Shilling said he was naturally inclined to probe the prevailing wisdom and interrogate others’ claims, and his education honed that instinct.
“I was trained as a physicist — you always are challenging, always are looking for what’s new,” he said. “That’s what’s caused progress in the sciences, going back to Newton and Copernicus.”
Shilling said he finds taking a different view to be more intellectually stimulating than nodding along with the crowd. But he admitted it can be tough to disagree with the masses.

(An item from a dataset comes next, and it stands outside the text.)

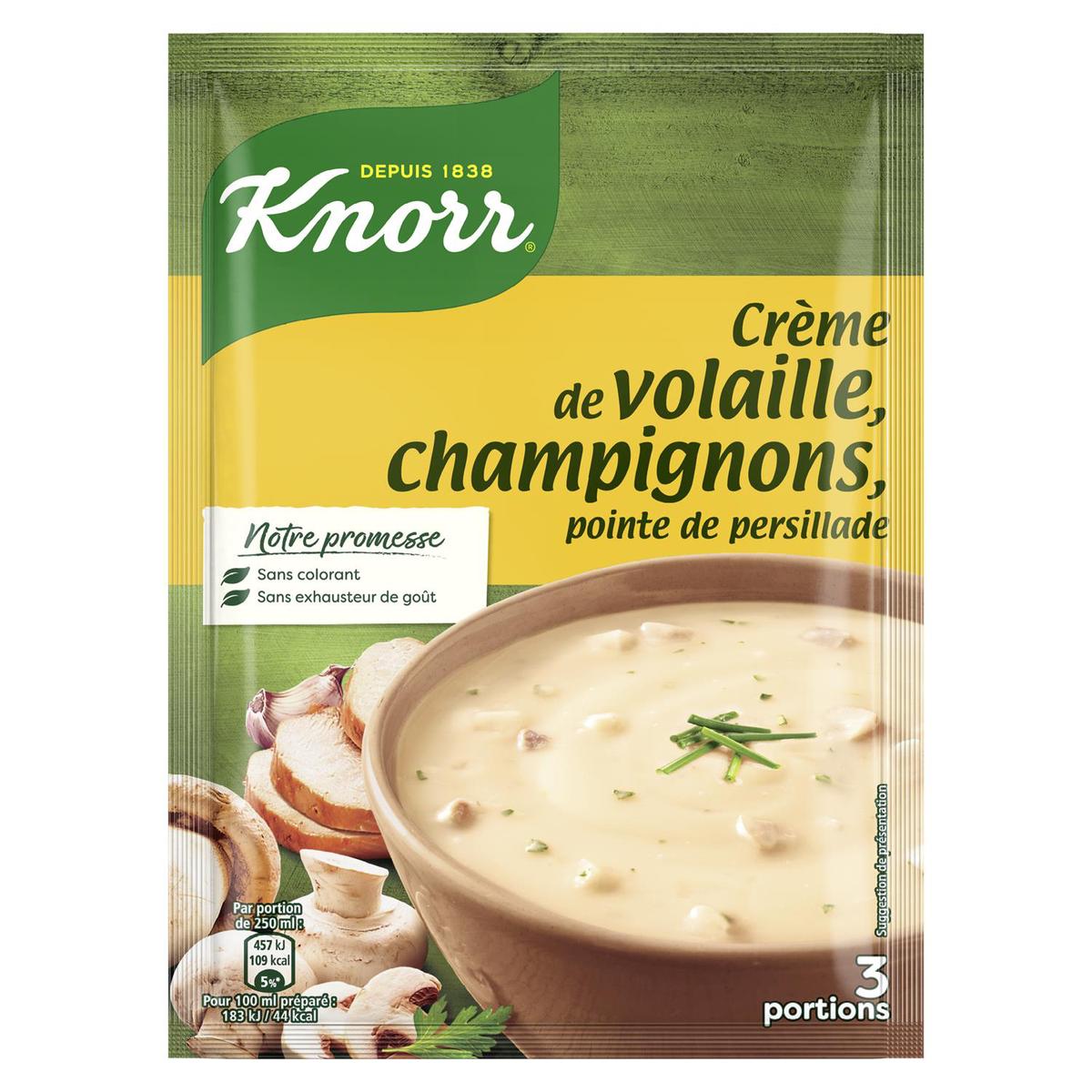 Knorr Fécule de pommes de terre 5 KG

“It’s a never-ending source of embarrassment for my wife,” he joked. Shilling explained that when the pair are guests at a cocktail party, someone might make an innocuous comment like, “Isn’t that a beautiful yellow moon,” and he can’t resist replying, “Are you sure it isn’t blue?”
Other market veterans have faced similar peer pressure to conform.
In a recent memo, economist David Rosenberg described being mocked, yelled at, threatened, having things thrown at him, and being labeled the “skunk at the picnic” and the “class clown” for predicting the mid-2000s housing bubble would end with a recession.
Shilling may not be facing quite that level of blowback, but it’s certainly not easy to have conviction in one’s contrarian views — even if they are more valuable to the market conversation, lucrative, and interesting to hold.